Each peak is described by retention time, mass-to-charge ratio and intensity. Summary statistics of the raw data points represented by each peak can be estimated as well.

'Peak Map' to 'Feature map'

After peak picking, you might want to detect and quantify the peptides in your map. To do so, we need to collect all sticks (or raw data points) that are produced by a single peptide charge variant and group them into a feature.

The two steps together correspond to a significant data reduction. Typically a cloud of about 1000 raw data points that correspond to the elution of a peptide to one representative multi-dimensional point.

Features have summary coordinates (centroid retention time, average monoisotopic peak, summed intensities, etc. ) and additionaly contain information about their containing sticks or raw data points (isotope pattern, quality of fit, etc.)

Parts of the OpenMS project

OpenMS covers a wide range of functionalities which are needed for software development when it comes to the analysis of high throughput protein separation and mass spectrometry related data.
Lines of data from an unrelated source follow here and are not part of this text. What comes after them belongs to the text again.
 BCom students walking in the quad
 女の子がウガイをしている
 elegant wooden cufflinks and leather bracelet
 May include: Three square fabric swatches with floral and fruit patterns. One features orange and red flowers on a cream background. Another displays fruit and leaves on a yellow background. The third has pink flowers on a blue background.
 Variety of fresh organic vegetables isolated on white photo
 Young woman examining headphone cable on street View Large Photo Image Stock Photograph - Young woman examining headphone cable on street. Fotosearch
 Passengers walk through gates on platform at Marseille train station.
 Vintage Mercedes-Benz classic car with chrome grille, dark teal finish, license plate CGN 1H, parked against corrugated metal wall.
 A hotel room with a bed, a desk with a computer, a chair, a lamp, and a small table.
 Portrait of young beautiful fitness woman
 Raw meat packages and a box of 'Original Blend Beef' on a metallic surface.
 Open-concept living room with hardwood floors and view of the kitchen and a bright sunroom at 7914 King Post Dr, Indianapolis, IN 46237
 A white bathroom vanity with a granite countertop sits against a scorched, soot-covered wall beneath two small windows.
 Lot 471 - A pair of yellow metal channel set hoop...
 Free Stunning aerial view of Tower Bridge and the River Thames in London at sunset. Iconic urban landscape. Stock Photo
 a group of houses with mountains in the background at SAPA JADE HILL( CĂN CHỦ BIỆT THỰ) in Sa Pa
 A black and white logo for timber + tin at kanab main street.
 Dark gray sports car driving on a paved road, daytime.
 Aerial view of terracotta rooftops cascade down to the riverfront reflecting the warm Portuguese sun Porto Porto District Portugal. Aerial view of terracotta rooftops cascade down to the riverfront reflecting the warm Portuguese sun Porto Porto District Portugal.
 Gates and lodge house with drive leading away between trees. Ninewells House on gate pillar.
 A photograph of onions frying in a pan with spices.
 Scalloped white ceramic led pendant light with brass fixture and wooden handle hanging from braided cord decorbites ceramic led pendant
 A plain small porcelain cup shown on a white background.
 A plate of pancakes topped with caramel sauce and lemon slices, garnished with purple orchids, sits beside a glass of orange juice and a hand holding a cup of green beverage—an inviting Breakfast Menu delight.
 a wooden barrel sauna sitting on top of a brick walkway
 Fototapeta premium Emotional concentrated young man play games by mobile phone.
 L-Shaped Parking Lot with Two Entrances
Signal Processing High throughput analysis of proteins using mass spectrometry requires an efficient signal processing which reduces the amount of data with minimal loss of information. Peaks have to be detected, and important features like their peak centroid position, the height and the area have to be determined. For peak picking, we propose a Wavelet-based scheme for the processing of mass spectrometry data that is able to cope with the difficulties posed by applications in proteomics. Often several preprocessing steps are applied to raw data before the actual peak picking. OpenMS also supports baseline reduction and noise filtering of raw data.
Feature Finding After the first data reduction by peak picking, our approach is to reduce the amount of data even further. This is done by determining all peaks belonging to the same 'feature' (a chemical entity, for instance a peptide charge variant) and adjusting a theoretical model to them. A quality value is assigned to each feature regarding its measurement in each dimension of characterization, e.g. its elution profile (retention time) and isotope distribution (mass-to-charge). The features are then used for label-free and isotope-labeled quantitation.
Visualization OpenMS can visualize HPLC-MS data in several differend views. Single scans can be displayed in a 2-dimensional plot. The more complex maps, can be displayed in a 2D view (birds-eye view with color-coded intensities) and even in a 3D view. The representations of the data are highly configurable and can thus be reused in many applications. The images on the right are screenshots of 'TOPPView', a MS data viewer that is part of TOPP.
Map Mapping Many proteomics experiments consist of several HPLC-MS runs. The runs have to be aligned in order to correct for problems in chromatography. Map mapping is the process whereby maps of peaks or features from different measurements are superimposed. The first step is to find a transformation that moves features from one map close to corresponding features in the other one. A standard geometric hashing approach is sufficient in most cases. In the second step we determine a combinatorial matching and extract groups of corresponding features for differential analysis.
Identification The identification of peptides and proteins is one of the main tasks in proteomics research. OpenMS can read and write the data formats of the most popular identification engines, e.g. Sequest, Mascot, OMSSA, X!Tandem. Data structures for that store the data for further analysis of identification results are available. OpenMS can e.g. filter the identification results, compute consensus results of several identification engines. Additionally the identifications can be validated using retention time prediction.
Database Support High throughput technologies in modern proteomics result in a lot of data which needs to be annotated, analysed and stored. The huge amount of data makes database support an essential feature of nearly every proteomics application. OpenMS offers database support through the Qt SQL module, which allows the use of a variety of different SQL databases. The database model of OpenMS conforms as far as possible to the HUPO PSI-OM model.